The general point in this thread certainly holds: our systems provide service first, bill second, and that by throwing a record over the wall to some other internal system. It's not unthinkable they could tally up your costs as you go, but the expense has fundamentally already happened, and that's the disconnect.

It would be hard to react ahead of time. Small, cheap things like "a single DynamoDB query" or "a byte of bandwidth" are often also high-volume, and you don't want to introduce billing checks to critical paths for reliability / latency / cost reasons. Expensive big-bang on/off things, probably simpler, though I can think of a few sticking points.

It would be hard to react after the fact, too. Where does a bill come from? My own team is deeply internal, several layers removed from anything you're recognize on an invoice, but we're the one generating and measuring costs. Precise attribution would be a problem in and of itself- cutting off service means traversing those layers in reverse, then figuring out what "cut off" means in our specific context. That's new systems and new code all around, repeat for all of AWS- there's a huge organizational problem here on top of the technical one.

I could see some individual teams doing something like this for just their services, but AWS-wide would be a big undertaking.

I wish we had it- I'd sleep a little better at night, myself- but from my limited perspective, it sure looks like we're fundamentally not designed for this.

Retric · on May 5, 2021

“Small, cheap things like "a single DynamoDB query" or "a byte of bandwidth" are often also high-volume, and you don't want to introduce billing checks to critical paths for reliability / latency / cost reasons”

That’s hardly necessary.
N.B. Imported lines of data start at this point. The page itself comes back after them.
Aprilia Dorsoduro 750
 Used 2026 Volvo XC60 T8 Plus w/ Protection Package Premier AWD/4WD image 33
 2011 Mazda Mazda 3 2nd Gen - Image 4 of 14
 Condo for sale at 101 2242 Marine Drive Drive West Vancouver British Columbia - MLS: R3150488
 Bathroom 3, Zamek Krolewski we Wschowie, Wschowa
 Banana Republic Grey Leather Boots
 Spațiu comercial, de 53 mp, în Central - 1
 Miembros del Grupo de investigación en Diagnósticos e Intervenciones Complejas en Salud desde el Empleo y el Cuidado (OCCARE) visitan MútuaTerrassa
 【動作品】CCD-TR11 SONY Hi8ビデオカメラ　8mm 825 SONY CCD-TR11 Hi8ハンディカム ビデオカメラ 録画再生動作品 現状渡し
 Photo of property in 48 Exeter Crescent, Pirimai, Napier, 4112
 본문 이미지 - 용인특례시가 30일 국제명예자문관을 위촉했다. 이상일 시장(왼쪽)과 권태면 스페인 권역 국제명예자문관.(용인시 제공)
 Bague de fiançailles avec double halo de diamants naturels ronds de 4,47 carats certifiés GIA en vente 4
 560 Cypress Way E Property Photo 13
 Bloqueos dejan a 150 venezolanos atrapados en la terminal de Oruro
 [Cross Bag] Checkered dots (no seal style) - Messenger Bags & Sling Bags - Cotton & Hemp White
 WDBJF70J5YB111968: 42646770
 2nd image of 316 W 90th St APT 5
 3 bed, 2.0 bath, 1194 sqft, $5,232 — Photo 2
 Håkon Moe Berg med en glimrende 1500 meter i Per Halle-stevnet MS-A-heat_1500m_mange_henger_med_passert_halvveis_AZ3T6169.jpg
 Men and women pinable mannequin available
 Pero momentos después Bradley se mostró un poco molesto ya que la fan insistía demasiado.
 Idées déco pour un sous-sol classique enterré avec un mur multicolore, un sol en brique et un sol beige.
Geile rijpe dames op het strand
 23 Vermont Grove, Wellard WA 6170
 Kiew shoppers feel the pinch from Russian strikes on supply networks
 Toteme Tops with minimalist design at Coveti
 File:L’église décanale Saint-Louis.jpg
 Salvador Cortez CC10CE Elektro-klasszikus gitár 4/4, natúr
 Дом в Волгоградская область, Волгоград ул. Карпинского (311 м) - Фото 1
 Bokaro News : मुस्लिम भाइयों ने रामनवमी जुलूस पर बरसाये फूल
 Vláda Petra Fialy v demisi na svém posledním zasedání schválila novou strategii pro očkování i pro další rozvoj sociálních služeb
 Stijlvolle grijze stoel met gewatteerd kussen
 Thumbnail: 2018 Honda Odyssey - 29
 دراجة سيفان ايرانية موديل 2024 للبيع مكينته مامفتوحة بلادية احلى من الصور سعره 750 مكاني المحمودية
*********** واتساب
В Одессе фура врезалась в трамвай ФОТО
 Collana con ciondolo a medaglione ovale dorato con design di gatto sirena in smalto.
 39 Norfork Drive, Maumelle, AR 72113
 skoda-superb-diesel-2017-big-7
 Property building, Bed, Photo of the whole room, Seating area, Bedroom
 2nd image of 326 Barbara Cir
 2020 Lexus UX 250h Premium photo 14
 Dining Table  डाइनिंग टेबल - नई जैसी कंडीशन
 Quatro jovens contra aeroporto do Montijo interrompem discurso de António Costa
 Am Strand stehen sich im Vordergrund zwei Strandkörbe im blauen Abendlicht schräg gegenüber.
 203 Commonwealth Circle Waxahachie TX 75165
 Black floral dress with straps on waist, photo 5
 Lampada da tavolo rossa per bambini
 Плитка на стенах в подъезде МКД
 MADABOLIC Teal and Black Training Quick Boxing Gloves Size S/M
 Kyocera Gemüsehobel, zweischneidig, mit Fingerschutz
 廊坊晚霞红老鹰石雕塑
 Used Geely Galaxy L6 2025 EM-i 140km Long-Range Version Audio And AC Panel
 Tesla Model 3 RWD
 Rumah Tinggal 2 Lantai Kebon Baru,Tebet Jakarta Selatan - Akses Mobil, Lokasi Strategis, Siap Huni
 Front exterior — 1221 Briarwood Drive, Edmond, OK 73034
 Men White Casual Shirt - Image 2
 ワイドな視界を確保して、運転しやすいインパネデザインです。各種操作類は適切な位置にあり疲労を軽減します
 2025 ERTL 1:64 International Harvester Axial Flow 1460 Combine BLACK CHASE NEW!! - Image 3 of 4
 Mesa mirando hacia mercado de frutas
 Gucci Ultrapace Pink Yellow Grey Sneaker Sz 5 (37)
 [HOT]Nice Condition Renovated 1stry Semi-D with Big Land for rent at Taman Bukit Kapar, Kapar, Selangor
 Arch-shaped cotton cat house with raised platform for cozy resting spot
Let’s suppose you have some service that costs 1 cent every 1,000 queries. If you’re billing it then you need to be keeping track of it and incrementing some counter somewhere. If old number mod x < new number mod x them do some check, that’s very cheap on average and doesn’t add latency if done after the fact.

PS: Phone companies can pull this stuff off successfully for millions of cellphones. If you’re arguing keeping up with AT&T is to hard, you have serious organizational problems.

czgs2woh4ue3 · on May 5, 2021

That counter may well not exist outside of billing for longer than it takes to batch some records together. It will need to be shared and synchronized with the rest of the fleet, the other fleets in the availability zone, the other zones in the region, the other regions, and every other service in AWS. There are strict rules about crossing these boundaries for sake of failure isolation.

As an amusing extra sticking point, your service has no idea how much it actually costs, because that's calculated by billing- the rates may vary from request to request or from customer to customer.

Without spending way too long thinking about it, the complexity in figuring out exactly when to stop is significant enough that it probably cannot practically be done in the critical path of these kinds of high-volume systems, hence the reactive approach being more plausible to me.

I don't know what kinds of problems AT&T has, but at the risk of saying dumb things about an industry I know next to nothing about, your phone is only attached to one tower at a time, and that probably helps a bit. And I'm not sure when it wouldn't be simpler and just as good for them to also react after the fact, anyway.

Retric · on May 5, 2021

First arguing based on existing infrastructure ignores the fact your changing the system therefore any new system is a viable option. All the existing system changes is how much things cost. Anyway, for independent distributed systems you can use probability rather than fixed numbers.

That said, your losing the forest for the trees, the accuracy isn’t that important. You can still bill for actual usage. A 15 minute granularity is vastly better than a 30 day one. As long as you can kill processes you don’t need to check in the middle of every action. Things being asynchronous is just the cost of business at scale.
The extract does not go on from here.